_Supplied material_.
=-=-=
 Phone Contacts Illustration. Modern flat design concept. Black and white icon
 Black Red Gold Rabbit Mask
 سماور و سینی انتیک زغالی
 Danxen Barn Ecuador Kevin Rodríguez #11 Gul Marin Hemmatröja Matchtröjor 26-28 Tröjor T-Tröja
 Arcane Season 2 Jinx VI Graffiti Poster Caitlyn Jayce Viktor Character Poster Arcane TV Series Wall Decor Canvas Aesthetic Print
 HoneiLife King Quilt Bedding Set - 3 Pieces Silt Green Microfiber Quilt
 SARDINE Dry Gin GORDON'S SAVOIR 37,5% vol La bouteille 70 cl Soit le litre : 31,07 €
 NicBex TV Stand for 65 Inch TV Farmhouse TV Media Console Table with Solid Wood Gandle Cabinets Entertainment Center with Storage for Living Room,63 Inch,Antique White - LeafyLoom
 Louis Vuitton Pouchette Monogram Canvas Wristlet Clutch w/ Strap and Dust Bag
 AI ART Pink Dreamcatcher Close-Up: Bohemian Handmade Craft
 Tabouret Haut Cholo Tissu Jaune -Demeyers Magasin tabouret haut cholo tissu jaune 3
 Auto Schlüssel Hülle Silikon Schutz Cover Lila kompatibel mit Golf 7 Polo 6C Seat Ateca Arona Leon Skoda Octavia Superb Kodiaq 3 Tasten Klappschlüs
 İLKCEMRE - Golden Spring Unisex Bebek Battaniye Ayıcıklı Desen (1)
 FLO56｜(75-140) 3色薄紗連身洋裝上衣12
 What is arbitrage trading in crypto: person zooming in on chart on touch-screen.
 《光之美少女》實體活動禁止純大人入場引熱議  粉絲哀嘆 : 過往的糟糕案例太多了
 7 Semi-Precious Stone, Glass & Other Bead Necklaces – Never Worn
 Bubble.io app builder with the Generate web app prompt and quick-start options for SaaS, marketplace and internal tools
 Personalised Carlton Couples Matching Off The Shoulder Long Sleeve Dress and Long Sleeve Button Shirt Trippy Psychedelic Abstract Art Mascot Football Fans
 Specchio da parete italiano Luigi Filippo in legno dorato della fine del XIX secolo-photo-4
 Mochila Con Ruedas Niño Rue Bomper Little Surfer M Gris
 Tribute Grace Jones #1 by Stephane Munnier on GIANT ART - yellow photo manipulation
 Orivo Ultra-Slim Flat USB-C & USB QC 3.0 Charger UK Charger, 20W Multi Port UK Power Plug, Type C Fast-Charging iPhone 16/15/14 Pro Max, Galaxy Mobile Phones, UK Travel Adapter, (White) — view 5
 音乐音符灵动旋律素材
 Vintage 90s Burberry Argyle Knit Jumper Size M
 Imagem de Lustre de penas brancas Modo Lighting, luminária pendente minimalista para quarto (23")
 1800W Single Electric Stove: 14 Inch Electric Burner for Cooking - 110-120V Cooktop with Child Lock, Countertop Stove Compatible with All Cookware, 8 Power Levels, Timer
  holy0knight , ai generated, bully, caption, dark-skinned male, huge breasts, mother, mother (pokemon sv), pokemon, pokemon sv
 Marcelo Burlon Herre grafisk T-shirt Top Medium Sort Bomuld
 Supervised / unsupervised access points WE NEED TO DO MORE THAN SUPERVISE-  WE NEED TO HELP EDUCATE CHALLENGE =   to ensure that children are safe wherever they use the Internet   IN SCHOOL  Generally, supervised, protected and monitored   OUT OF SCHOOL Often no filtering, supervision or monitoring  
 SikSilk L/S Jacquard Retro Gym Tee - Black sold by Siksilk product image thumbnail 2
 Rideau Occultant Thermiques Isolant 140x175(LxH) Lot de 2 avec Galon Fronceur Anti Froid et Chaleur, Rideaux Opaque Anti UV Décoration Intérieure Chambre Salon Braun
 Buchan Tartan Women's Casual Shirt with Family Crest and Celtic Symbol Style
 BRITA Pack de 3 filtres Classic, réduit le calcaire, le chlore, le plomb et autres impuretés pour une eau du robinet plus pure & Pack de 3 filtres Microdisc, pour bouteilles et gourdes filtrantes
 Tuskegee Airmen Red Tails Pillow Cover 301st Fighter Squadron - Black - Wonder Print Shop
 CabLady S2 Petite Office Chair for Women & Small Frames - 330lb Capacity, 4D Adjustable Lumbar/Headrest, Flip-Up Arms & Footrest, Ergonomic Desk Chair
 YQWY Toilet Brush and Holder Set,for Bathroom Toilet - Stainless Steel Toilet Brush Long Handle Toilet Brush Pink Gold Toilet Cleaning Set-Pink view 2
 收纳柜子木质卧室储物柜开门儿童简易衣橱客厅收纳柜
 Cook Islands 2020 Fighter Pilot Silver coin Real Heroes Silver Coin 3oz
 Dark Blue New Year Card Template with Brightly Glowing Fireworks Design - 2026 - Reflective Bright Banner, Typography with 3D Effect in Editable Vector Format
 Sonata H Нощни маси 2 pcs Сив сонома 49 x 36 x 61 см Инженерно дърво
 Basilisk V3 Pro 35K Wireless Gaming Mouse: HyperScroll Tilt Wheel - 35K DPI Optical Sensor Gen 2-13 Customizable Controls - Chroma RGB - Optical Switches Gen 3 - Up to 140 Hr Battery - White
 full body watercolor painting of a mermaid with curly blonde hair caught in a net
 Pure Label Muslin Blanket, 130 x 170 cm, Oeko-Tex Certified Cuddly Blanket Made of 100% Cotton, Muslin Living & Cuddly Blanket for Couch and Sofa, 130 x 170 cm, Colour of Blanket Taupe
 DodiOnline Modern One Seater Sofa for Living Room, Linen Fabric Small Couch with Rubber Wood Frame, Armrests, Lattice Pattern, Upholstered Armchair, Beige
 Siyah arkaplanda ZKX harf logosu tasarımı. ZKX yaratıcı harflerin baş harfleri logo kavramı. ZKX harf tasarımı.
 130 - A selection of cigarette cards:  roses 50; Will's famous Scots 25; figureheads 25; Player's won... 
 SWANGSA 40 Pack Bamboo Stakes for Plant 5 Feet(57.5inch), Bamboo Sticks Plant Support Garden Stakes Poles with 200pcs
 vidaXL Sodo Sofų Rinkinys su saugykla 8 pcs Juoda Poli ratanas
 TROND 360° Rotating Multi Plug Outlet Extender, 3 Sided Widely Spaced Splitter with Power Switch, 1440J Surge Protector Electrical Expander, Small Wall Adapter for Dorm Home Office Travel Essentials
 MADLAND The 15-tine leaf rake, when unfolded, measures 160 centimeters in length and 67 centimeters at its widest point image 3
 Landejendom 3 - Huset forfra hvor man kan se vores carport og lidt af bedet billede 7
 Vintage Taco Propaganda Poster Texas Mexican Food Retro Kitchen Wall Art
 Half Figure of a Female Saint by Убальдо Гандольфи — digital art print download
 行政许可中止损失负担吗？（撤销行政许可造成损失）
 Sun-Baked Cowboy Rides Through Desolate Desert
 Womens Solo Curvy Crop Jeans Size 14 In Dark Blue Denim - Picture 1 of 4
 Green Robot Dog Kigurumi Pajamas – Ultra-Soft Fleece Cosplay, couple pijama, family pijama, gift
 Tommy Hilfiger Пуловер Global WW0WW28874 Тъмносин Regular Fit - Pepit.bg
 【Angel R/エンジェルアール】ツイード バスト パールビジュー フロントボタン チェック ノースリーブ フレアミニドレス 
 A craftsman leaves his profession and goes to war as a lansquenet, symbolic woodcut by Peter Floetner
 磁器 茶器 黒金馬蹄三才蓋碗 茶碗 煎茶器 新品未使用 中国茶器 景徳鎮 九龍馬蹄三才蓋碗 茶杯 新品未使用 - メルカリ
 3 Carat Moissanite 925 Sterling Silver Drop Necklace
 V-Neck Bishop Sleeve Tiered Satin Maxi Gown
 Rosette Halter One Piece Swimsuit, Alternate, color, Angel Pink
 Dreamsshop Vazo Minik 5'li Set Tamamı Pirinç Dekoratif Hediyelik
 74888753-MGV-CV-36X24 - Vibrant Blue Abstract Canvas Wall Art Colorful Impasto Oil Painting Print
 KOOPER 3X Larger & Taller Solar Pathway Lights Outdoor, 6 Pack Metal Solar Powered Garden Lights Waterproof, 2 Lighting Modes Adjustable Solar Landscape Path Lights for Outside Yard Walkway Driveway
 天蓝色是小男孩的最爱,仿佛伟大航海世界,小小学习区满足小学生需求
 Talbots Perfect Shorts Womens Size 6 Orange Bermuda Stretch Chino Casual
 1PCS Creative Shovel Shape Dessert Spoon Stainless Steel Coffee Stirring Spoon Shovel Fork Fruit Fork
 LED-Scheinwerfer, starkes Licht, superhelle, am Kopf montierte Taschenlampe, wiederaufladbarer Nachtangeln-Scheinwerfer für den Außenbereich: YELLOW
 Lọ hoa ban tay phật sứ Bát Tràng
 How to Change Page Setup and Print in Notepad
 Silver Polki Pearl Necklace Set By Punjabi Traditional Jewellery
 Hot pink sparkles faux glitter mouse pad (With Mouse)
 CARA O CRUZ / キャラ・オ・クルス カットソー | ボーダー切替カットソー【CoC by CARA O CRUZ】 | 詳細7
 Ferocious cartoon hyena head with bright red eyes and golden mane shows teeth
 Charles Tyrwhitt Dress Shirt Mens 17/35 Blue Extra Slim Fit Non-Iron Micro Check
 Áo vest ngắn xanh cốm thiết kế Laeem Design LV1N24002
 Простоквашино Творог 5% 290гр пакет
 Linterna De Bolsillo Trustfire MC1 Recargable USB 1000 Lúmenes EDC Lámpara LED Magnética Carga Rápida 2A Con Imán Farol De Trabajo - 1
=-=-=
Within the material above, show every line that includes "Lighting".

 Imagem de Lustre de penas brancas Modo Lighting, luminária pendente minimalista para quarto (23")
 KOOPER 3X Larger & Taller Solar Pathway Lights Outdoor, 6 Pack Metal Solar Powered Garden Lights Waterproof, 2 Lighting Modes Adjustable Solar Landscape Path Lights for Outside Yard Walkway Driveway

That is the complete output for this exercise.